▸ **Records for processing**
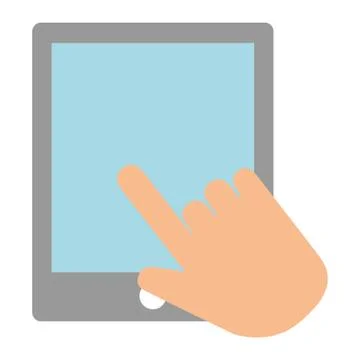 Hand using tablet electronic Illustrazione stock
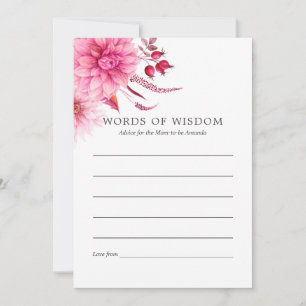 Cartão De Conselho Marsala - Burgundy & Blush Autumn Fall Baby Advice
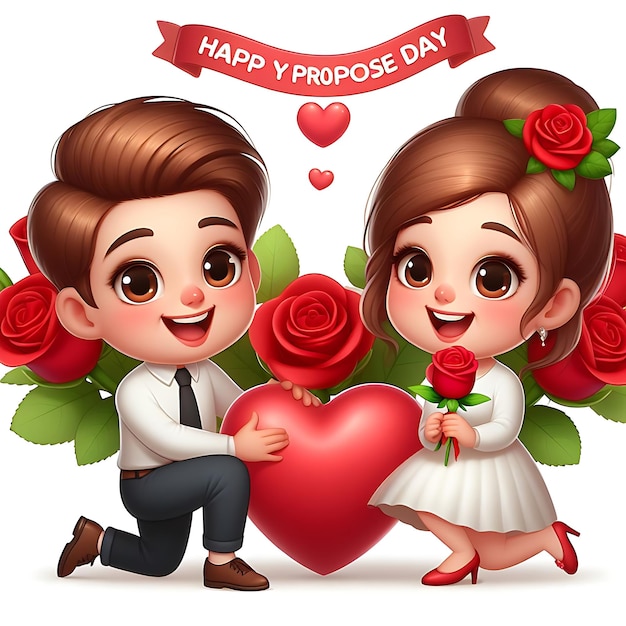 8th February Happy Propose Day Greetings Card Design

---

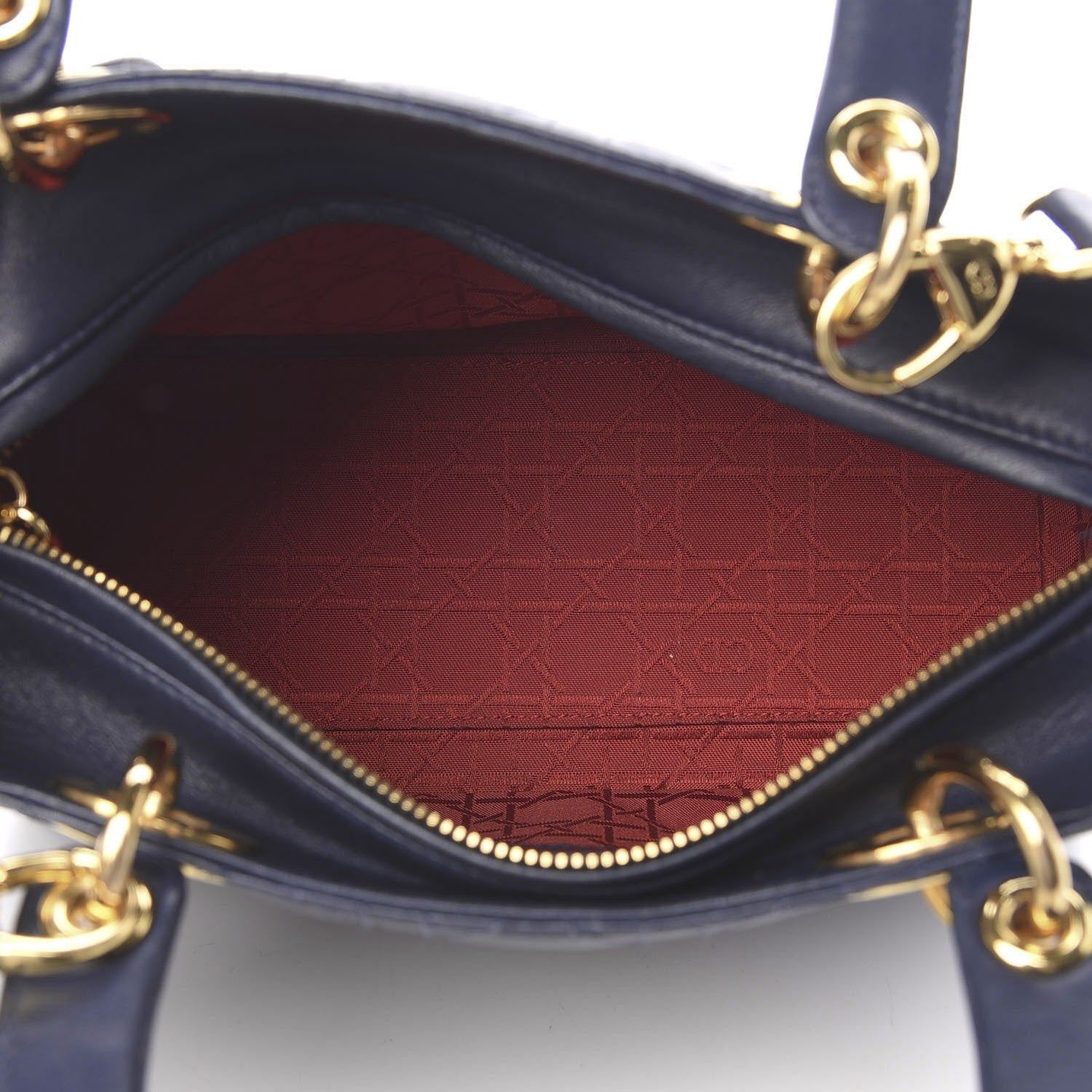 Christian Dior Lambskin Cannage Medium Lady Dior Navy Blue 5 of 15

==

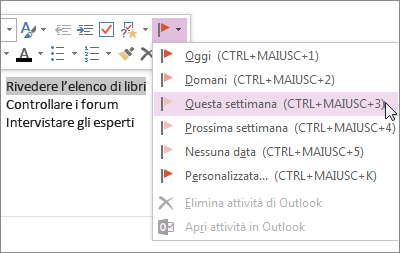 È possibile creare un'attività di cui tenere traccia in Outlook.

▸ **Problem requirements**
Your answer should consist of the lines above between those holding "Cartão De Conselho" and "8th February Happy", inclusive, reproduced word for word and without pictures.

▸ **Solution to this task**
 Cartão De Conselho Marsala - Burgundy & Blush Autumn Fall Baby Advice
 8th February Happy Propose Day Greetings Card Design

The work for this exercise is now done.